Por Amir Labaki
Com rara agilidade na
história contemporânea do documentário político brasileiro, já é
possível aos espectadores confrontarem duas versões polares da cassação
pelo Senado Federal do mandato presidencial de Dilma Roussef em 2016. De
um lado, está desde ontem nos cinemas pelo país “O Processo”, de Maria
Augusta Ramos. De outro, encontra-se disponível há algumas semanas no
Now “Impeachment –O Brasil nas Ruas”, de Beto Souza e Paulo Moura.
São filmes opostos em
quase tudo. “Impeachment” tem uma hora de duração e formato televisivo.

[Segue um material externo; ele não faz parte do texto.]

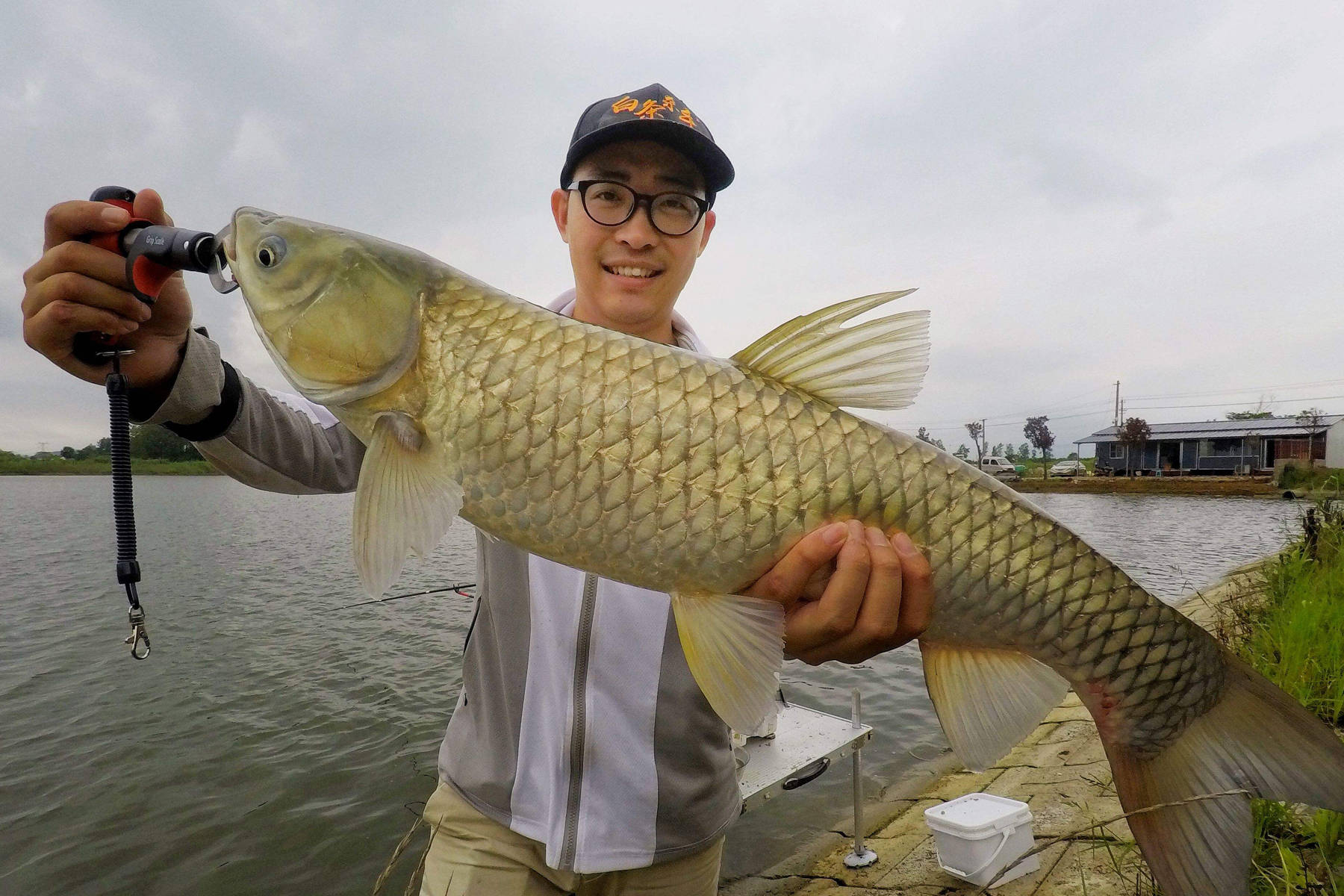 原创草鱼最喜欢吃哪种味型的鱼饵钓草鱼效果最好的鱼饵配方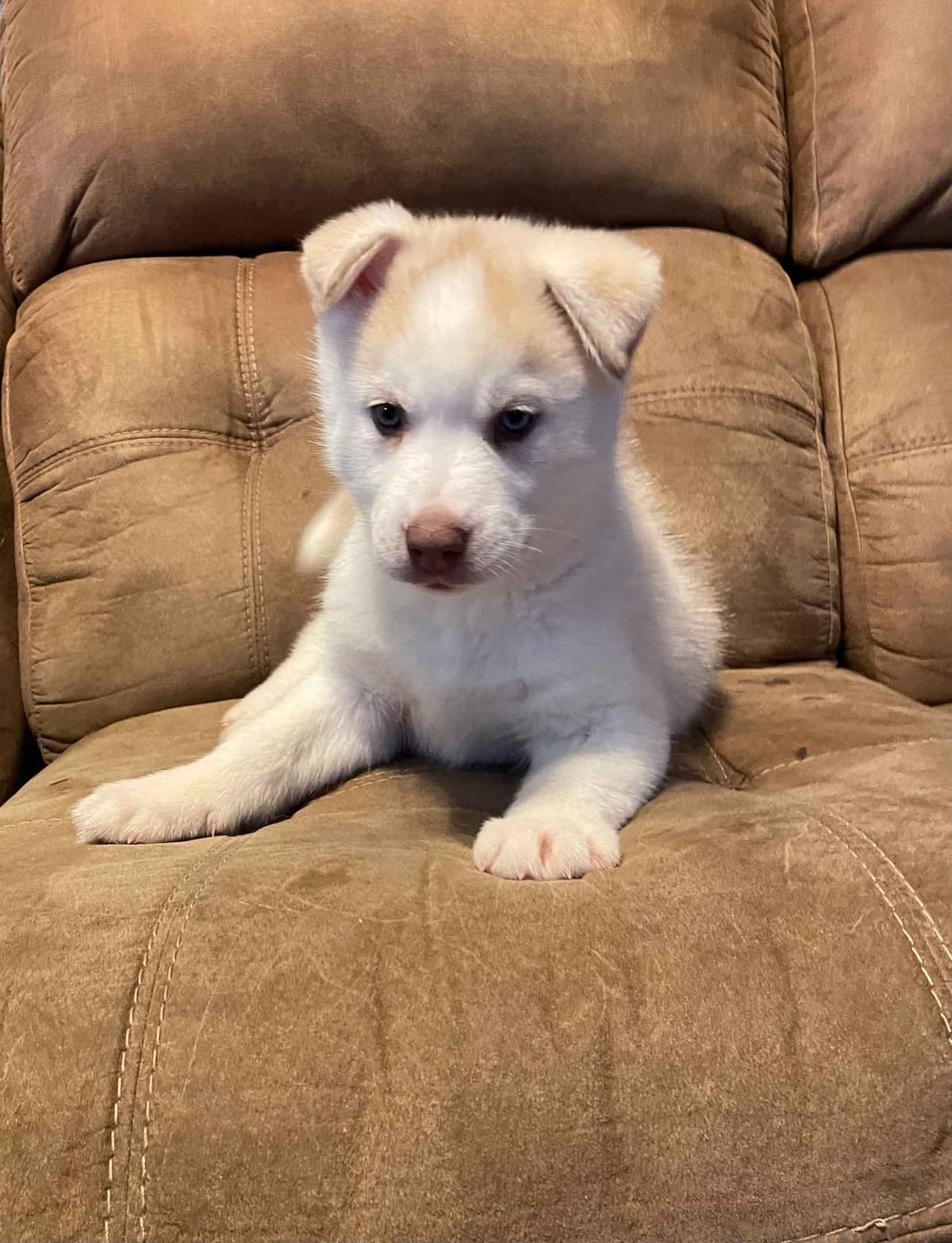 Siberian Husky Puppies breeder image 4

“O Processo” desenrola-se em mais que o dobro do tempo e reafirma o
dispositivo documental ascético e belamente plástico característico da
diretora.
Refletindo sua muito maior
elaboração cinematográfica, “O Processo” tem conquistado a chancela da
seleção e premiação em festivais pelo mundo afora (Nyon, Indie Lisboa,
DocMadrid), a partir da sua première em fevereiro passado no Festival de
Berlim e passando por sua pré-estreia brasileira em projeção especial
no É Tudo Verdade no mês passado. “Impeachment”, por sua vez, com sua
modéstia formal e assinado pelos gaúchos Beto Souza, cineasta (Netto
Perdeu Sua Alma; A Batalha dos Aflitos), e Paulo Moura, cientista
político, chegou às telas há pouco mais de um ano primeiramente em
exibições especiais em espaços como o Fecomercio, em São Paulo, e a
Cinemateca Capitólio, de Porto Alegre.
Ambos estruturam-se
temporalmente auxiliados pelos registros audiovisuais sobretudo da TV
Câmara e da TV Senado, desde a aceitação da denúncia contra Dilma por
crime de responsabilidade pelo então presidente da Câmara, Eduardo
Cunha, em 2 de dezembro de 2015, até sua condenação e consequente
cassação pelo Senado, em 31 de agosto de 2016. Proporcionalmente, o
recurso a esse material de arquivo, com ênfase na tramitação final pelo
Senado, é maior em “O Processo” do que em “Impeachment”.
Em coerência com seu
esmerado método, Ramos abre mão de entrevistas e arquiteta seu
documentário a partir de filmagens que mesclam registros bem-compostos
de eventos públicos e gravações no estilo “mosca na parede” da escola do
Cinema Direto, capturando seus protagonistas à quente, seja em ação ou
em breves pausas. São eles principalmente os senadores petistas Gleisi
Hoffman e Lindbergh Farias e o ex-ministro da Justiça e advogado de
defesa José Eduardo Cardozo, coadjuvados pela advogada Janaína Paschoal,
uma das autoras da denúncia.
Já o filme de Souza e
Moura constrói sua narrativa a partir sobretudo de mais de duas dúzias
de entrevistas, ilustradas por gravações e fotos das manifestações
pró-impeachment que levaram milhões de pessoas às ruas pelo país afora.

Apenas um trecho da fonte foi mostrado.